*Source records*.
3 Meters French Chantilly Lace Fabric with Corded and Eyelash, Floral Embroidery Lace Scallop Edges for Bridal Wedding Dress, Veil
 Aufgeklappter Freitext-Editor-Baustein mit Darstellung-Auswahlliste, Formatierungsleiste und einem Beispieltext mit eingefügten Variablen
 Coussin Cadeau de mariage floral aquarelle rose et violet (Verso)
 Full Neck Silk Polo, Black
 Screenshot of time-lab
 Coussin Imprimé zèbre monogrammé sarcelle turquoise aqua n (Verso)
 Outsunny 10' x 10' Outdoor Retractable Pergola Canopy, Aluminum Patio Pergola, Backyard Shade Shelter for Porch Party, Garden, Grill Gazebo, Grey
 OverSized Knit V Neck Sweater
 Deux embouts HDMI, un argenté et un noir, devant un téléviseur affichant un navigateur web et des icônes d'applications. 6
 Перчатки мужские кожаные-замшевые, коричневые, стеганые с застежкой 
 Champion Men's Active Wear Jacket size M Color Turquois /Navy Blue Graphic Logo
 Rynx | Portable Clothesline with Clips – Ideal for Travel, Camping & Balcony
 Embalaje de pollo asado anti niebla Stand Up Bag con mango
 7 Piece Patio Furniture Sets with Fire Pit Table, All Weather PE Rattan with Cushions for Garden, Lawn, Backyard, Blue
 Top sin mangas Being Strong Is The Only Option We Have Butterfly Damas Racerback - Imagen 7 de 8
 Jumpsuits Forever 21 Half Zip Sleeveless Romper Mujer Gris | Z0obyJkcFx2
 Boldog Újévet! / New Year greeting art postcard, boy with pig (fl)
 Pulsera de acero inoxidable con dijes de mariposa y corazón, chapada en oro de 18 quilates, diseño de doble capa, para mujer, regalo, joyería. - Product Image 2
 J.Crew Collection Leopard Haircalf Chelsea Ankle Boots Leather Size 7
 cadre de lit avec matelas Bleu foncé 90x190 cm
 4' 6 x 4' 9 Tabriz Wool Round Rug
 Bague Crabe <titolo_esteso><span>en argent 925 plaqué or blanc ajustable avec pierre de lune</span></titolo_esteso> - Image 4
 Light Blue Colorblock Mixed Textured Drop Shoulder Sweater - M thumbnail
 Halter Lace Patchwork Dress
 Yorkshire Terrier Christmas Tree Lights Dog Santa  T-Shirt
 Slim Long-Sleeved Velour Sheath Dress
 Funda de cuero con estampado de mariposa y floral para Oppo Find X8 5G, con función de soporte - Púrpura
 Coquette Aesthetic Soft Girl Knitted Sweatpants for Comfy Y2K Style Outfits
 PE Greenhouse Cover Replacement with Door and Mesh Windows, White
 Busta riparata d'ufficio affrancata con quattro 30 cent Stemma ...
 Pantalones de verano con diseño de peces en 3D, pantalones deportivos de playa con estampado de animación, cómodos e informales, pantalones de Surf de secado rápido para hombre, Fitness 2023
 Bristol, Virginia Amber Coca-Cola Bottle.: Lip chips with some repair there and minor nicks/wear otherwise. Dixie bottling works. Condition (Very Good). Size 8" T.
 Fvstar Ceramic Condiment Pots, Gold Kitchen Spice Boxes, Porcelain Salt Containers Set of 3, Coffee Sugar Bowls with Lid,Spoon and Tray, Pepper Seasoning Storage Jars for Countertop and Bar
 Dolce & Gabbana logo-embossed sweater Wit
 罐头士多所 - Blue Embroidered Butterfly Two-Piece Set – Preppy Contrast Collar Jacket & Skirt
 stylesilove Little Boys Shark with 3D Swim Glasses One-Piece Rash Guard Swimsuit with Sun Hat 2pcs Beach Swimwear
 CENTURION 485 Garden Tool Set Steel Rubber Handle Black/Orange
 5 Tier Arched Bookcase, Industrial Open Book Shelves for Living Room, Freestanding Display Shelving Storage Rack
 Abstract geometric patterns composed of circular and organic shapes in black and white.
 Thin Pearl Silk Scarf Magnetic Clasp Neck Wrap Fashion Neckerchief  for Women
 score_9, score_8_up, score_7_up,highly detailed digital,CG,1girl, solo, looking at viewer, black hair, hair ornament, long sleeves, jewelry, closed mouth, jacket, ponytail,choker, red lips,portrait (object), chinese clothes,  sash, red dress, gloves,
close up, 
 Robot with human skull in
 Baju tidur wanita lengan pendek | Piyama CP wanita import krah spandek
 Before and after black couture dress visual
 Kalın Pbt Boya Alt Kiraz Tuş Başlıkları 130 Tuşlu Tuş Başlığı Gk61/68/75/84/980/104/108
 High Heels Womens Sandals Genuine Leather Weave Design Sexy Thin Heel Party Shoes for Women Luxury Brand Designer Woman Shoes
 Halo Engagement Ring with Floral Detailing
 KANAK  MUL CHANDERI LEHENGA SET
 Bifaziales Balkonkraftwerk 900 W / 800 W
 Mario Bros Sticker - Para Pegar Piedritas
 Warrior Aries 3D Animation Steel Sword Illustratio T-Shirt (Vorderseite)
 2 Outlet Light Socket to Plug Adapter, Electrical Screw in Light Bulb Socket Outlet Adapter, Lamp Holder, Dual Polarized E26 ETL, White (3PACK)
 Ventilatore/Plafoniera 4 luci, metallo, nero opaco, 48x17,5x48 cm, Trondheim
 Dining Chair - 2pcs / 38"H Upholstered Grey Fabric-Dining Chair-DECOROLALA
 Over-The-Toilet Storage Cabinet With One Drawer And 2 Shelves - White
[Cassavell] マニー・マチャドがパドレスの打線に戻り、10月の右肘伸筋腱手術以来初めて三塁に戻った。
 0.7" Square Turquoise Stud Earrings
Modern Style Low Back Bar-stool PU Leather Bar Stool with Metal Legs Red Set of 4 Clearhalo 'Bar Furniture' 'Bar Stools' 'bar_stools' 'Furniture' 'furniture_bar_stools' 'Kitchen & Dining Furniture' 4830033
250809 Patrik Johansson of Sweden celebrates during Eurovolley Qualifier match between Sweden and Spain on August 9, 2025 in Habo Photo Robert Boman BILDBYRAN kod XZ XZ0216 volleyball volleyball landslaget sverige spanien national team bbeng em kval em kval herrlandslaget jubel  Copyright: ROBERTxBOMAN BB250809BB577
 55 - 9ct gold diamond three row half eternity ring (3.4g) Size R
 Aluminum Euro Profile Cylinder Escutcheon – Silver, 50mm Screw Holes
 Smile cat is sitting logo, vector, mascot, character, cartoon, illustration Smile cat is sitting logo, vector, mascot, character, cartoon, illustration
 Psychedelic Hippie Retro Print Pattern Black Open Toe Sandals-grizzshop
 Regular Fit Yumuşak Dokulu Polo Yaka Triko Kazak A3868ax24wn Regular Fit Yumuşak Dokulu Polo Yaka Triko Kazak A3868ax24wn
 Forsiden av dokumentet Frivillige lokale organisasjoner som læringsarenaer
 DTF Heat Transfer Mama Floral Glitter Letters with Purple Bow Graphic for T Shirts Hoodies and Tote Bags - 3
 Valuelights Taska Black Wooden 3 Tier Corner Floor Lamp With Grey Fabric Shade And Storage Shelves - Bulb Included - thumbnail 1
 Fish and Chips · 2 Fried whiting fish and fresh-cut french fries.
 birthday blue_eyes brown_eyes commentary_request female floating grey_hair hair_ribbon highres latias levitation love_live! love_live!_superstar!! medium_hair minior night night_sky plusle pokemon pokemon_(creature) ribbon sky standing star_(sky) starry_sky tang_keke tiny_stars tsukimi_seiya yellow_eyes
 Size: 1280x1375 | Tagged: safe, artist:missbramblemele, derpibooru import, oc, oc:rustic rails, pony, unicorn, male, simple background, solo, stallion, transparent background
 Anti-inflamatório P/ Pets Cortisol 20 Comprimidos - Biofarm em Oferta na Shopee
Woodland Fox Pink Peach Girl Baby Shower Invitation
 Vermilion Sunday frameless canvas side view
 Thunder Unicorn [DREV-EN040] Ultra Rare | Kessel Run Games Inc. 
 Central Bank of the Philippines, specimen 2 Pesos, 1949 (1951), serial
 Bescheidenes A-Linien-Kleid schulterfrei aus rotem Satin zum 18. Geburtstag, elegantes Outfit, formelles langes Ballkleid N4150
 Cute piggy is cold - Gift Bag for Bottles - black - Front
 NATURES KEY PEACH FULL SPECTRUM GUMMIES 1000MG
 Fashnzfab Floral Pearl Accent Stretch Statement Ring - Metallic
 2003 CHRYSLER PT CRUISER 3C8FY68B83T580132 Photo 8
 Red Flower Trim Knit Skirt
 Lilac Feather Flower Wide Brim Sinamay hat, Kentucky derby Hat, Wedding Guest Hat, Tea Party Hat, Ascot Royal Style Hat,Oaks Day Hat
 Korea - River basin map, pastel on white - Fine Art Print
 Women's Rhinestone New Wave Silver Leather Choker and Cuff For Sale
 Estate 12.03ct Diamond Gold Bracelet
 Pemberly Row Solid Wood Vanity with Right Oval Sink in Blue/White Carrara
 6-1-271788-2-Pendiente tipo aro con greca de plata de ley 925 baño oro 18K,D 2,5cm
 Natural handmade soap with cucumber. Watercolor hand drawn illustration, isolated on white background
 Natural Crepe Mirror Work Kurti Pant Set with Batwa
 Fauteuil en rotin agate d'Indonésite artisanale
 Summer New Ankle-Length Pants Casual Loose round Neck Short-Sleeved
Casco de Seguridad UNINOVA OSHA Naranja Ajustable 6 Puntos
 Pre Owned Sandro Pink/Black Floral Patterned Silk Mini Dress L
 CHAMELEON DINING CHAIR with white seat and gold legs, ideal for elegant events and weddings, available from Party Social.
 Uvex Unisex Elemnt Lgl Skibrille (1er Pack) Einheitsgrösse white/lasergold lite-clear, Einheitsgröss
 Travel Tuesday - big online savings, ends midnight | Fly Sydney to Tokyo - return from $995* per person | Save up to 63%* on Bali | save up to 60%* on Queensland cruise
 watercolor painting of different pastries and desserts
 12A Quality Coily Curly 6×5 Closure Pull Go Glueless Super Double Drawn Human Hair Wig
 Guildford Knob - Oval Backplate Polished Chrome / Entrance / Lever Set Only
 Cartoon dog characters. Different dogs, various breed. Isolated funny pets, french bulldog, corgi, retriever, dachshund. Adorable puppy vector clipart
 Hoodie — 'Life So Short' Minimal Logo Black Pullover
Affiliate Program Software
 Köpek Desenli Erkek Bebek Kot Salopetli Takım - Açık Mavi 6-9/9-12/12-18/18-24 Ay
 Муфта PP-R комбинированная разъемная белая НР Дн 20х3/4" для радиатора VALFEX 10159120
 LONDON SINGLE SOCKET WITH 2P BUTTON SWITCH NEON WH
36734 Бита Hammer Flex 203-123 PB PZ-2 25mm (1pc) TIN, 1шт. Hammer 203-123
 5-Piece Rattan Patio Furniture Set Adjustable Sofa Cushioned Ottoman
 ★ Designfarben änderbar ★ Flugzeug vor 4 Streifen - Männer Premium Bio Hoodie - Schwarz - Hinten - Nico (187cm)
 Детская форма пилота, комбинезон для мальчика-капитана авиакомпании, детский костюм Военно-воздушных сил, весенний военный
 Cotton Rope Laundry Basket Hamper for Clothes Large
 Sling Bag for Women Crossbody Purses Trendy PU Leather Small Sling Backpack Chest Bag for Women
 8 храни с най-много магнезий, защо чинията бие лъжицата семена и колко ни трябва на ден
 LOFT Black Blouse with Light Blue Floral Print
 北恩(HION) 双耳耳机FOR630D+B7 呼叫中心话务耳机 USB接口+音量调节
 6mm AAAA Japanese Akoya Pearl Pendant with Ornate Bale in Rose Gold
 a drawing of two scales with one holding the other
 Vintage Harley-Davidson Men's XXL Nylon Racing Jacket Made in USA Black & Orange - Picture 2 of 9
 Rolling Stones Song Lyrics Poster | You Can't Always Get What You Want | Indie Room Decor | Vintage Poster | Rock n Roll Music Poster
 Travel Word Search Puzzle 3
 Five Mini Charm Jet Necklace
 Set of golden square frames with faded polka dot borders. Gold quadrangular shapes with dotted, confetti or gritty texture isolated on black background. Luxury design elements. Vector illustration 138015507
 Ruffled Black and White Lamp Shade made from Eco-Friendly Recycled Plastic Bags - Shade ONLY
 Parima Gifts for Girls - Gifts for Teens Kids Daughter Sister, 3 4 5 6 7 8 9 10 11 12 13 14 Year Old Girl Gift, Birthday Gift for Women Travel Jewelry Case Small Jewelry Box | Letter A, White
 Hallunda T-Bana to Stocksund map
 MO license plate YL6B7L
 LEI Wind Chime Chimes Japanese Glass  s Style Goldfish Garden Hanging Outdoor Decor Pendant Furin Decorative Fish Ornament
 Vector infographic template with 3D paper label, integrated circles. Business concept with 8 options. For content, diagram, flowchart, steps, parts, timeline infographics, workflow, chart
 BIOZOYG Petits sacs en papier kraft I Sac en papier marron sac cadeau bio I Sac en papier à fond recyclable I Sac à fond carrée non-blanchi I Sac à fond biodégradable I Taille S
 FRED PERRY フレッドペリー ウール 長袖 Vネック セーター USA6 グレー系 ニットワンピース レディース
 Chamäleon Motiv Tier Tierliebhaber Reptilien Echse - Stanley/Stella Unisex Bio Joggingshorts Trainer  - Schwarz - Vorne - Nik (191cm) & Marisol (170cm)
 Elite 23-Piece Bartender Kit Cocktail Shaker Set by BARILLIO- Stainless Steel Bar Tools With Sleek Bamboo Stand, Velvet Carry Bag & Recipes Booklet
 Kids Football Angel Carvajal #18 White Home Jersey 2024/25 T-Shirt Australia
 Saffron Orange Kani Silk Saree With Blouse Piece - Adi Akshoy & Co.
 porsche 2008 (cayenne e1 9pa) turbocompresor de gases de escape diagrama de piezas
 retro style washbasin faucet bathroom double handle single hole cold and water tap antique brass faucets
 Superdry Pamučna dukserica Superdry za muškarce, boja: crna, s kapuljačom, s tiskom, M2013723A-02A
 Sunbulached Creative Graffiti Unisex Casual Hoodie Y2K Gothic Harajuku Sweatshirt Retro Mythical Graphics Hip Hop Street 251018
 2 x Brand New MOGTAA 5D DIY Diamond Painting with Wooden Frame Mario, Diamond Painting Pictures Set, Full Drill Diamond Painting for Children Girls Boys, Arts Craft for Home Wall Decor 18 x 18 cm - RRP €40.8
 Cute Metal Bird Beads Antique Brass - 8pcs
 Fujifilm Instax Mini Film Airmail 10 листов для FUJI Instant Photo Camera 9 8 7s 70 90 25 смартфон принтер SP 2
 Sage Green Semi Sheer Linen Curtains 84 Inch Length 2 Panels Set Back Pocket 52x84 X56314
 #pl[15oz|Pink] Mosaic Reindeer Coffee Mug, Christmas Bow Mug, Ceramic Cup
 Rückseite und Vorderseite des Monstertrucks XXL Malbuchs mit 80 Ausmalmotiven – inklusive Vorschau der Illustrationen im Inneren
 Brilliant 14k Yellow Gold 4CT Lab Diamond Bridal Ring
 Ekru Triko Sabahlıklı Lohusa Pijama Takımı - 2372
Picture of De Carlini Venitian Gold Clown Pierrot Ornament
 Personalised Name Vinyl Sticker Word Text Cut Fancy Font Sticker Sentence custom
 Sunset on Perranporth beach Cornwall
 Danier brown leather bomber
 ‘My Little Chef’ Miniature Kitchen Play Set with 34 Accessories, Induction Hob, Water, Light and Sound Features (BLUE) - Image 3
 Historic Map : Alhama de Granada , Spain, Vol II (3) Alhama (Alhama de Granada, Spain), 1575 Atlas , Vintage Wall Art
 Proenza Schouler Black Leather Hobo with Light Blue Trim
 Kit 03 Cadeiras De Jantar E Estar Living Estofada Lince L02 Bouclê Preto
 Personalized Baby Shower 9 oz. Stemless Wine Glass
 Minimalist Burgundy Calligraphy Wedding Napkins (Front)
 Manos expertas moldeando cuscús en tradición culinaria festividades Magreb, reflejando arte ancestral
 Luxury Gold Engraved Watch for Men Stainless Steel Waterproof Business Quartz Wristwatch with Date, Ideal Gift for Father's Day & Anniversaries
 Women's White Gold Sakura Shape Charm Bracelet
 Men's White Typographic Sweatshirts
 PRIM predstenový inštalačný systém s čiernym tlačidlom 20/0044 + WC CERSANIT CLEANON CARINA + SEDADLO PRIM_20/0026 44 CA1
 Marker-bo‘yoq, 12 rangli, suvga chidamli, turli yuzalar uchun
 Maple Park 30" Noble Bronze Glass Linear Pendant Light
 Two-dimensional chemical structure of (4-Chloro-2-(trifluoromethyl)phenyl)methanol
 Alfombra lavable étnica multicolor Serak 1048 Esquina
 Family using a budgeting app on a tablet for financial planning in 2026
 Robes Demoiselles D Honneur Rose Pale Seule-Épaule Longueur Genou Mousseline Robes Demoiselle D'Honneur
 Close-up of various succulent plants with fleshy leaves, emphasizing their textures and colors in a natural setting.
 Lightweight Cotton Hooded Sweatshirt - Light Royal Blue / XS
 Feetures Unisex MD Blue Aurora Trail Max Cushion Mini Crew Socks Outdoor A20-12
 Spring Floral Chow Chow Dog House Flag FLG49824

*Task statement*. Once you find the line with "score_9, score_8_up, score_7_up,highly" in the entries above, output it and each line after it up to and including the line with "[Cassavell] マニ", and nothing else.

*Written answer*.
 score_9, score_8_up, score_7_up,highly detailed digital,CG,1girl, solo, looking at viewer, black hair, hair ornament, long sleeves, jewelry, closed mouth, jacket, ponytail,choker, red lips,portrait (object), chinese clothes,  sash, red dress, gloves,
close up, 
 Robot with human skull in
 Baju tidur wanita lengan pendek | Piyama CP wanita import krah spandek
 Before and after black couture dress visual
 Kalın Pbt Boya Alt Kiraz Tuş Başlıkları 130 Tuşlu Tuş Başlığı Gk61/68/75/84/980/104/108
 High Heels Womens Sandals Genuine Leather Weave Design Sexy Thin Heel Party Shoes for Women Luxury Brand Designer Woman Shoes
 Halo Engagement Ring with Floral Detailing
 KANAK  MUL CHANDERI LEHENGA SET
 Bifaziales Balkonkraftwerk 900 W / 800 W
 Mario Bros Sticker - Para Pegar Piedritas
 Warrior Aries 3D Animation Steel Sword Illustratio T-Shirt (Vorderseite)
 2 Outlet Light Socket to Plug Adapter, Electrical Screw in Light Bulb Socket Outlet Adapter, Lamp Holder, Dual Polarized E26 ETL, White (3PACK)
 Ventilatore/Plafoniera 4 luci, metallo, nero opaco, 48x17,5x48 cm, Trondheim
 Dining Chair - 2pcs / 38"H Upholstered Grey Fabric-Dining Chair-DECOROLALA
 Over-The-Toilet Storage Cabinet With One Drawer And 2 Shelves - White
[Cassavell] マニー・マチャドがパドレスの打線に戻り、10月の右肘伸筋腱手術以来初めて三塁に戻った。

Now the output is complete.